The UK Summer Motorhome Show also incorporates 'Shropshire Summer Show' featuring great family entertainment including:

Aerobatic Display
'Zero Gravity' Freestyle Trial Bike Display
Owl Agility Display
'The Mighty Smith' Strongman Show
Traditional Funfair

PLUS Meet Coronation Street special guest Jason Grimshaw (actor Ryan Thomas) at the event on Sunday 7th July.

For details see www.shropshiresummershow.co.uk

Weekend camping at The UK Summer Motorhome Show includes early arrival from Friday and entry to two great outdoor Summer concerts.

On Friday evening, 'The Greatest' Take That and Robbie Williams tribute will recreate an amazing Take That concert featuring hits such as 'Back For Good' and 'Shine'.

Saturday evening will see the hugely popular original ABBA tribute live show 'ABBAMANIA' performed on the outdoor Summer Stage. ABBA's music remains as popular as ever - expect countless hits including 'Waterloo', 'Dancing Queen', 'Thank You For The Music', and many more.

Any more going to join us there :?: :?: :?: if so be quick adding your name to the rally list HERE BOOKING CLOSES ON THE 28TH JUNE which is this coming FRIDAY

Jacquie


----------



## lesbro (May 1, 2005)

*New Attendee Added*

lesbro has just added their name to attend this rally


----------



## lesbro (May 1, 2005)

Have now booked and paid will do our best to make it. Looking forward to meeting up again.


----------



## LadyJ (May 9, 2005)

Hi All

Only a couple of days left now folks in which to book for Shrewsbury

Still showing unconfirmed are

smileybums not booked with Event

If some of you are coming up to Southport and are looking for some where to stay for the few days in between Shrewsbury & Southport this is where we are heading to from Shrewsbury

Holmston Hall

They are CC & C&CC 5 van sites we are booked on the CC one if any of you would like to join us there

Jacquie


----------



## LadyJ (May 9, 2005)

Pre booking for Shrewsbury is now closed




Jacquie


----------



## LadyJ (May 9, 2005)

Hi All

In case you need to contact me re Shrewsbury my mobile number is 0753 863 6122 if you are not coming or not arriving on Friday please let me know via a text or phone call. Thanks



Look forward to seeing you all there and hope fully to a sunny weekend forecast is looking good  


Jac & John


----------



## LadyJ (May 9, 2005)

Evening all from sunny Shrewsbury   bit windy as well:? :? 

We have a new pitch here this year opposite side to where we usually are so behind the arena now more or less. Reason for this is there is a fun fair on our old pitch and Russell thought we wouldn't like to be where all the row was bless him.
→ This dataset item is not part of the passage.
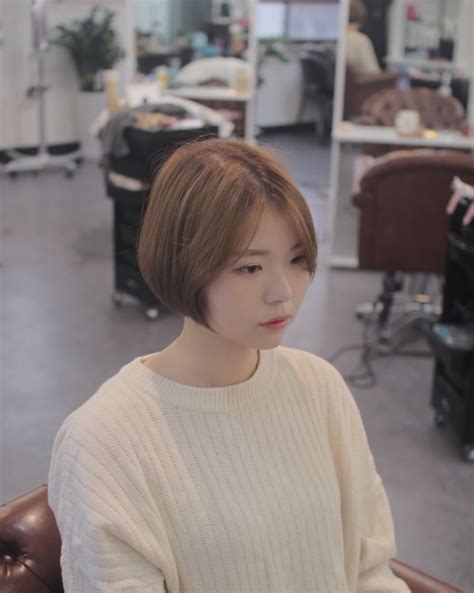 Check spelling or type a new query. VOLUMINOUS SHORT BOB - Kpop Korean Hair and Style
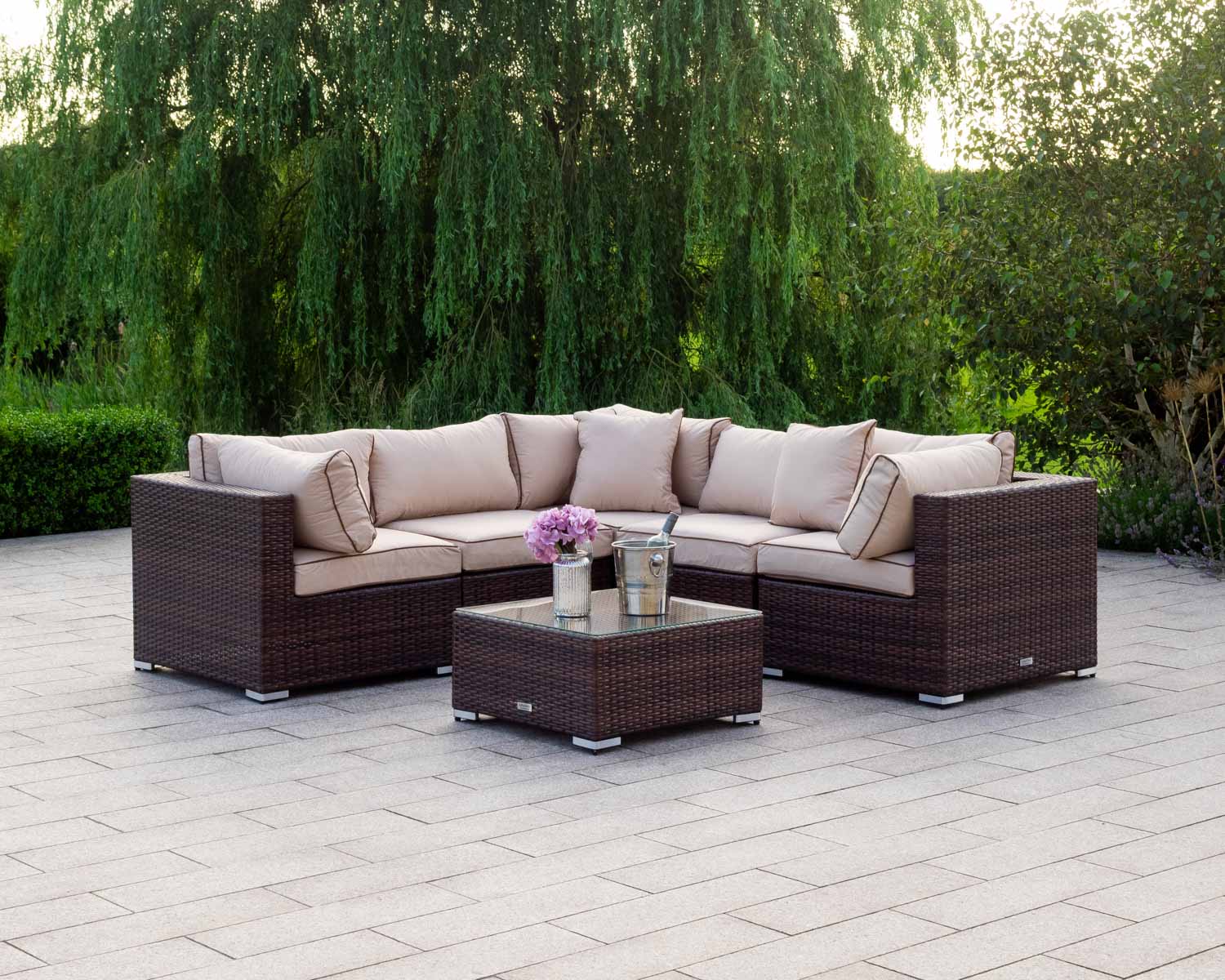 Rattan Garden Corner Sofa Set in Brown - 6 Piece - Florida - Rattan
We have a water tap and the elsan is not too far away, also toilets not to special though :roll: but ok if desperate :lol: 


We have 4 spare pitches on our patch so if any of you are thinking of coming and haven't booked you can pay on the gate and will be brought up to us  


See you all tomorrow safe trip here


Jac & John


----------



## peterandirene (May 9, 2005)

It's true! The weather in Shrewsbury is sunny and warm. The forecast is more over the weekend.

Welcome one and all to Shrewsbury, enjoy your stay.

Peter and Irene

PS. If you want a great meal at reasonable prices try Bistro Jacques at the top of Mardol, we use it frequently, it's always good. Three course meal offer is great value.


----------



## rosalan (Aug 24, 2009)

Home again after a wonderful weekend.
All who did not include this rally genuinely missed out.
The weather was perfect, the people who attended were the ones we all want to meet. The ground was flat and for £10 a night with free entertainment and a variety of exhibitors everything was good.
A big thank you to Lady J and John for their marshalling expertise. We did hear of some odd goings on with the Motorfunnies which added to the romance of the occasion.....AND some Scotch bloke scored a goal at Wimbleberry.

Thank you one and all!

Alan


----------